The two paradigms in Smart Grid implementation
Through our series on implementing the Smart Grid, or electricity Distribution System Automation, we have explored various use
cases of Reclosers being deployed to automatically reconfigure the network to isolate faults and restore supply.
Fundamentally, the usage of voltage sensing on either side of the interrupting device affords great capability in network automation, as the presence/absence of voltage on a circuit breaker can be used as an automation logic input. Cases which use only voltage sensing for automation schemes are considered communications-free, as no dedicated information sharing is required between devices.
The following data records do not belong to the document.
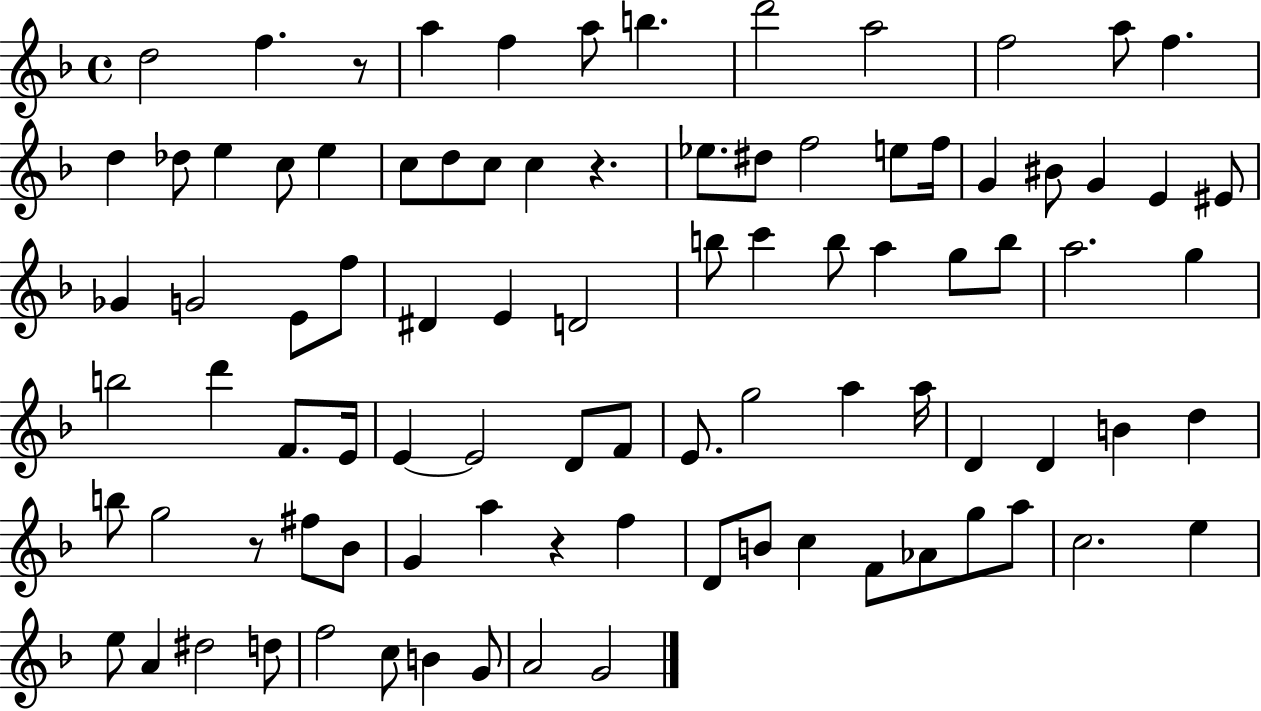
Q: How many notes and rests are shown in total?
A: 91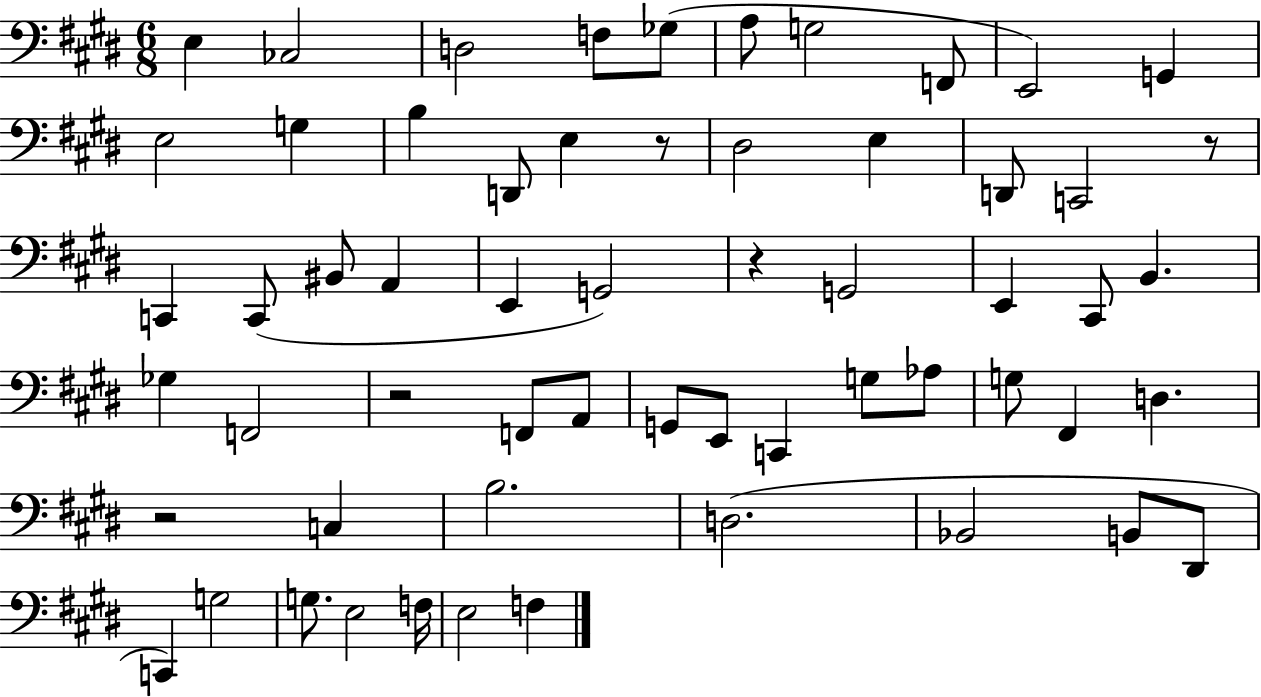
{
  \clef bass
  \numericTimeSignature
  \time 6/8
  \key e \major
  e4 ces2 | d2 f8 ges8( | a8 g2 f,8 | e,2) g,4 | \break e2 g4 | b4 d,8 e4 r8 | dis2 e4 | d,8 c,2 r8 | \break c,4 c,8( bis,8 a,4 | e,4 g,2) | r4 g,2 | e,4 cis,8 b,4. | \break ges4 f,2 | r2 f,8 a,8 | g,8 e,8 c,4 g8 aes8 | g8 fis,4 d4. | \break r2 c4 | b2. | d2.( | bes,2 b,8 dis,8 | \break c,4) g2 | g8. e2 f16 | e2 f4 | \bar "|."
}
These implementations are simple, robust and cost effective, but require an additional close-onto-fault operation. The simple method to resolve the close-onto-fault case is to introduce communications between devices, (which we explored our first case in Distribution Automation II), providing a data link between the reclosers to prevent this close-onto-fault behaviour.
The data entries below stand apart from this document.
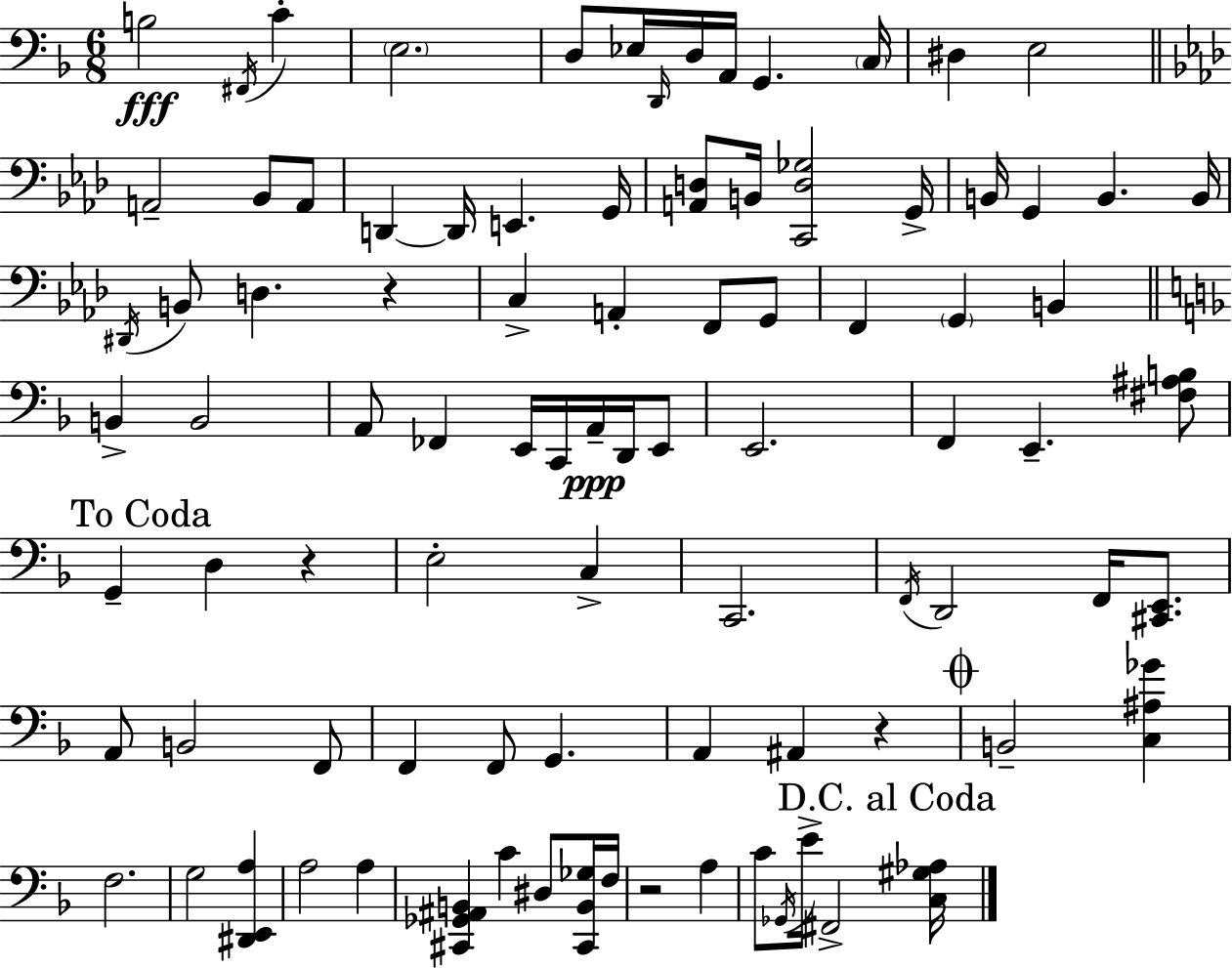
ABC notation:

X:1
T:Untitled
M:6/8
L:1/4
K:F
B,2 ^F,,/4 C E,2 D,/2 _E,/4 D,,/4 D,/4 A,,/4 G,, C,/4 ^D, E,2 A,,2 _B,,/2 A,,/2 D,, D,,/4 E,, G,,/4 [A,,D,]/2 B,,/4 [C,,D,_G,]2 G,,/4 B,,/4 G,, B,, B,,/4 ^D,,/4 B,,/2 D, z C, A,, F,,/2 G,,/2 F,, G,, B,, B,, B,,2 A,,/2 _F,, E,,/4 C,,/4 A,,/4 D,,/4 E,,/2 E,,2 F,, E,, [^F,^A,B,]/2 G,, D, z E,2 C, C,,2 F,,/4 D,,2 F,,/4 [^C,,E,,]/2 A,,/2 B,,2 F,,/2 F,, F,,/2 G,, A,, ^A,, z B,,2 [C,^A,_G] F,2 G,2 [^D,,E,,A,] A,2 A, [^C,,_G,,^A,,B,,] C ^D,/2 [^C,,B,,_G,]/4 F,/4 z2 A, C/2 _G,,/4 E/4 ^F,,2 [C,^G,_A,]/4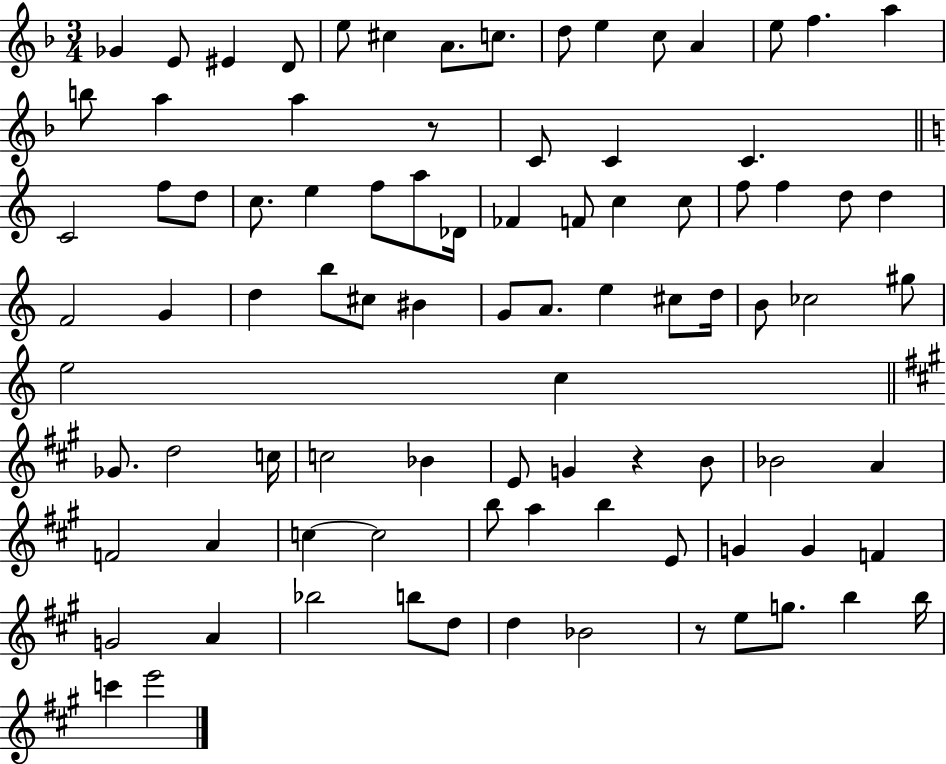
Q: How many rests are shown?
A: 3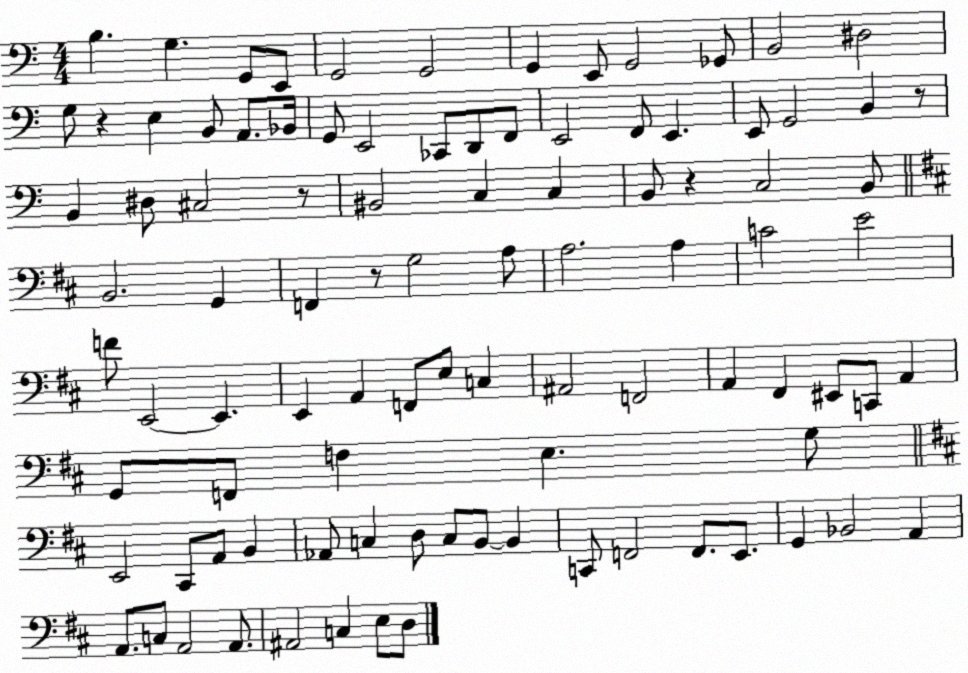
X:1
T:Untitled
M:4/4
L:1/4
K:C
B, G, G,,/2 E,,/2 G,,2 G,,2 G,, E,,/2 G,,2 _G,,/2 B,,2 ^D,2 G,/2 z E, B,,/2 A,,/2 _B,,/4 G,,/2 E,,2 _C,,/2 D,,/2 F,,/2 E,,2 F,,/2 E,, E,,/2 G,,2 B,, z/2 B,, ^D,/2 ^C,2 z/2 ^B,,2 C, C, B,,/2 z C,2 B,,/2 B,,2 G,, F,, z/2 G,2 A,/2 A,2 A, C2 E2 F/2 E,,2 E,, E,, A,, F,,/2 E,/2 C, ^A,,2 F,,2 A,, ^F,, ^E,,/2 C,,/2 A,, G,,/2 F,,/2 F, E, G,/2 E,,2 ^C,,/2 A,,/2 B,, _A,,/2 C, D,/2 C,/2 B,,/2 B,, C,,/2 F,,2 F,,/2 E,,/2 G,, _B,,2 A,, A,,/2 C,/2 A,,2 A,,/2 ^A,,2 C, E,/2 D,/2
At a higher level however, this form of Smart Grid implementation can be categorised as “Distributed Automation” – that is, automatic re-switching of the network where the logic for the automation is controlled and implemented throughout the grid at the recloser/Intelligent Electronic Device (IED) level.
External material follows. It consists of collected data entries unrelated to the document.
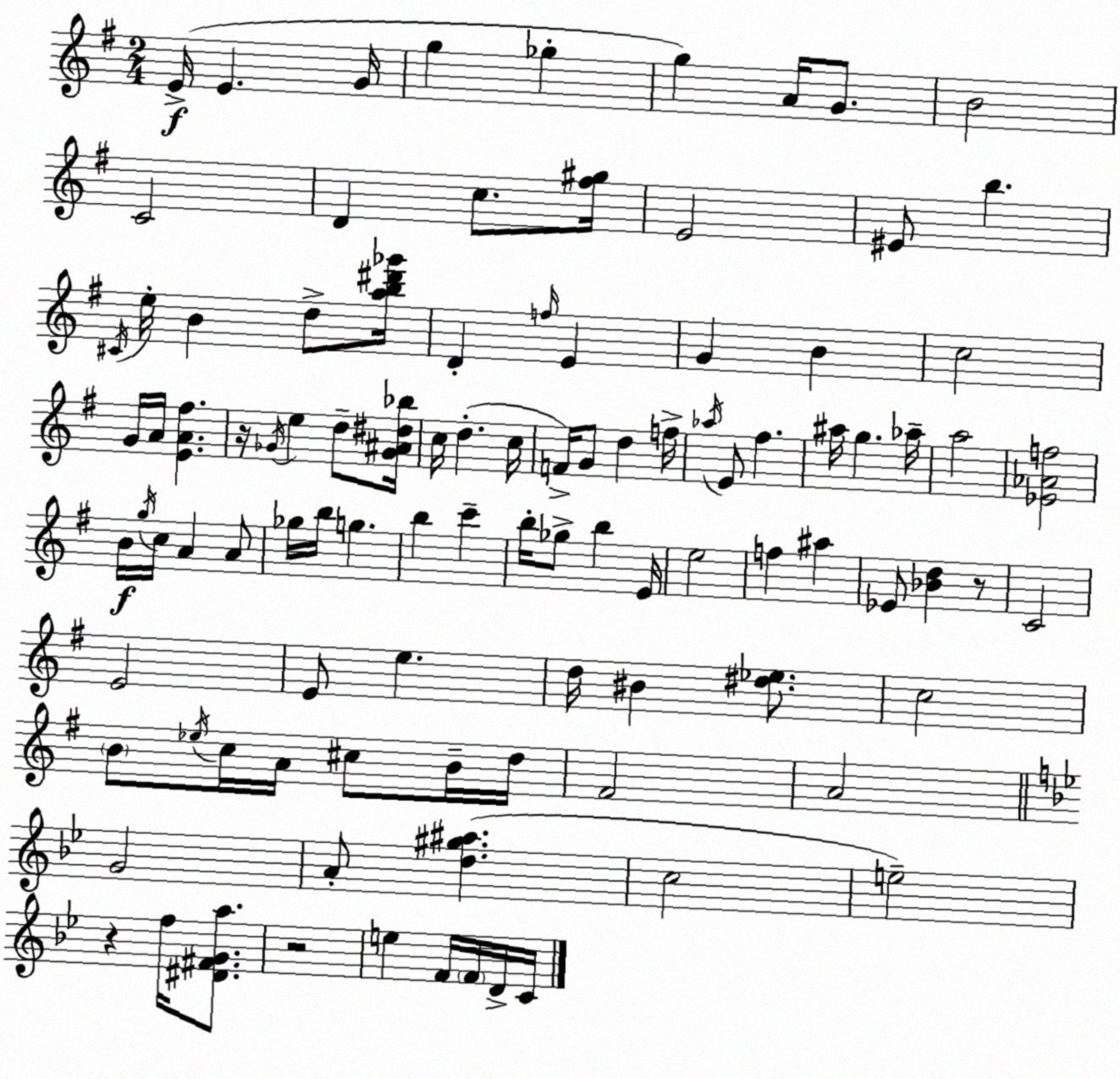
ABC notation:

X:1
T:Untitled
M:2/4
L:1/4
K:G
E/4 E G/4 g _g g A/4 G/2 B2 C2 D c/2 [^f^g]/4 E2 ^E/2 b ^C/4 e/4 B d/2 [ab^d'_g']/4 D f/4 E G B c2 G/4 A/4 [EA^f] z/4 _G/4 e d/2 [_G^A^d_b]/4 c/4 d c/4 F/4 G/2 d f/4 _a/4 E/2 ^f ^a/4 g _a/4 a2 [_E_Af]2 B/4 g/4 c/4 A A/2 _g/4 b/4 g b c' b/4 _g/2 b E/4 e2 f ^a _E/2 [_Bd] z/2 C2 E2 E/2 e d/4 ^B [^d_e]/2 c2 B/2 _e/4 c/4 A/4 ^c/2 B/4 d/4 ^F2 A2 G2 A/2 [d^g^a] c2 e2 z f/4 [^D^FGa]/2 z2 e F/4 F/4 D/4 C/4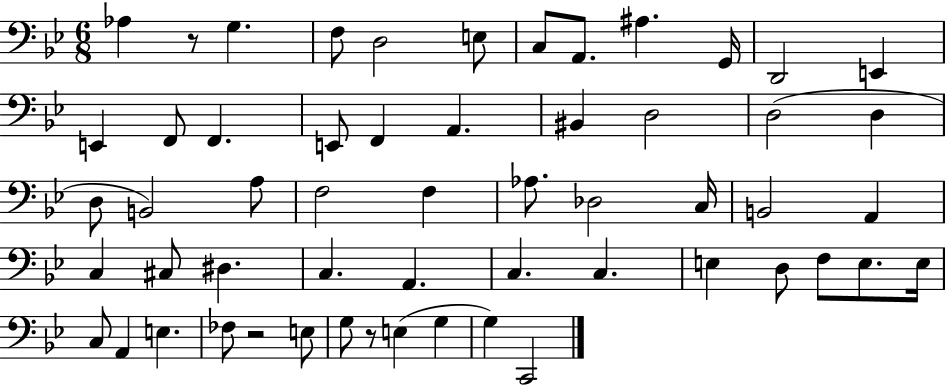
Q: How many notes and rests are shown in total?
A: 56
Figure 1 – Simplified Network Diagram of a Distributed Automation Scheme using Five Reclosers in a Ring Configuration
All cases explored thus far in our series on Smart Grid automation fall into the “Distributed Automation” example. Distributed Automation is generally faster and more reliable than other automation methods, as the decision making is executed closer to the fault sites and there is a limitation in communications propagation delays and calculation delays.
It is also the most cost-effective method of distribution automation, but it can become operationally challenging to manage and control, requiring a substantial training overhead to ensure that network operators are familiar with the schemes.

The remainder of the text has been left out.